C++11 in conjunction with OpenMP gives slower executable

Question

I am trying to learn OpenMP and want to study speed-up using OpenMP. For this purpose, I have written the following small program:

#include <vector>
#include <cmath>

int main() {
    static const unsigned int testDataSize = 1 << 28;

    std::vector<double> a (testDataSize), b (testDataSize);

    for (int i = 0; i < testDataSize; ++i) {
        a [i] = static_cast<double> (23 ^ i) / 1000.0;
    }
    b.resize(testDataSize);

    #pragma omp parallel for
    for (int i = 0; i < testDataSize; ++i) {
        b [i] = std::pow(a[i], 3) * std::exp(-a[i] * a[i]);
        b [i] += std::pow(a[i], 5) * std::exp(-a[i] * a[i]);
        b [i] += std::pow(a[i], 7) * std::exp(-a[i] * a[i]);
        b [i] += std::pow(a[i], 9) * std::exp(-a[i] * a[i]);
        b [i] += std::pow(a[i], 11) * std::exp(-a[i] * a[i]);
        b [i] += std::pow(a[i], 13) * std::exp(-a[i] * a[i]);
        b [i] += std::pow(a[i], 15) * std::exp(-a[i] * a[i]);
        b [i] += std::pow(a[i], 17) * std::exp(-a[i] * a[i]);
        b [i] += std::pow(a[i], 19) * std::exp(-a[i] * a[i]);
        b [i] += std::pow(a[i], 21) * std::exp(-a[i] * a[i]);
    }

    return 0;
}

I compiled the above code either with or without the -std=c++11 directive. What I notice is that when I am using the -std=c++11 directive, my code runs about 8 times slower as without using this. I am using -O3 and gcc version 4.9.2 on a Linux Debian system. Furthermore, when I compare the execution times without using OpenMP, I do note a speed difference. Thus, it looks to me that there is a problem with the -std=c++11 and not with OpenMP.

In detail, I obtain the following execution times (a measured using the Linux time command)

Compilation with OpenMP and -std=c++11: 35.262s

Compilation only with OpenMP: 5.875s

Compilation with only -std=c++11: 2m12

Compilation without OpenMP and -std=c++11: 23.757s

What is the reason that the execution time is much slower when using -std=c++11?

Any help or suggestion is greatly appreciated!

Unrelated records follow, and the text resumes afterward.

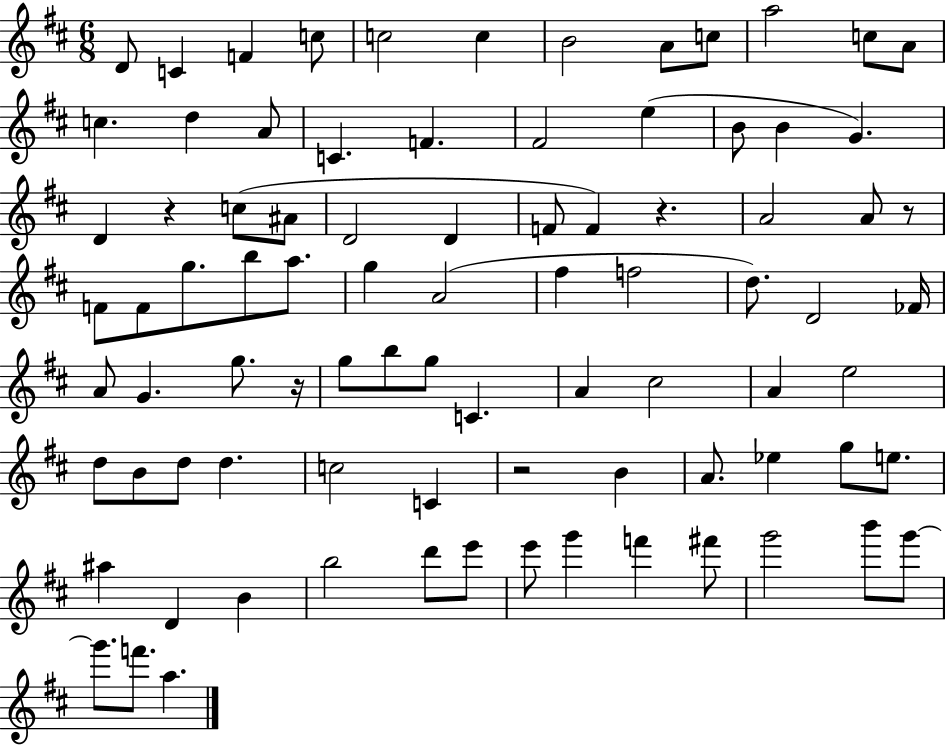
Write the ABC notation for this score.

X:1
T:Untitled
M:6/8
L:1/4
K:D
D/2 C F c/2 c2 c B2 A/2 c/2 a2 c/2 A/2 c d A/2 C F ^F2 e B/2 B G D z c/2 ^A/2 D2 D F/2 F z A2 A/2 z/2 F/2 F/2 g/2 b/2 a/2 g A2 ^f f2 d/2 D2 _F/4 A/2 G g/2 z/4 g/2 b/2 g/2 C A ^c2 A e2 d/2 B/2 d/2 d c2 C z2 B A/2 _e g/2 e/2 ^a D B b2 d'/2 e'/2 e'/2 g' f' ^f'/2 g'2 b'/2 g'/2 g'/2 f'/2 a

I have tagged what, in my humble opinion, is the best answer. In follow-up of oLen's answer, I have made my own pow(double, int) function as given below:

double my_pow(double base, int exp) {
    double result = 1.0;

    while (exp) {
        if (exp & 1)
            result *= base;
        exp >>= 1;
        base *= base;
    }

    return result;
}

I am not sure whether this is the most efficient way to calculate the integer power of some base number, but using this function I get exactly the same results in terms of computational efficiency when compiling with or without std=c++11 fully in line with oLen's answer.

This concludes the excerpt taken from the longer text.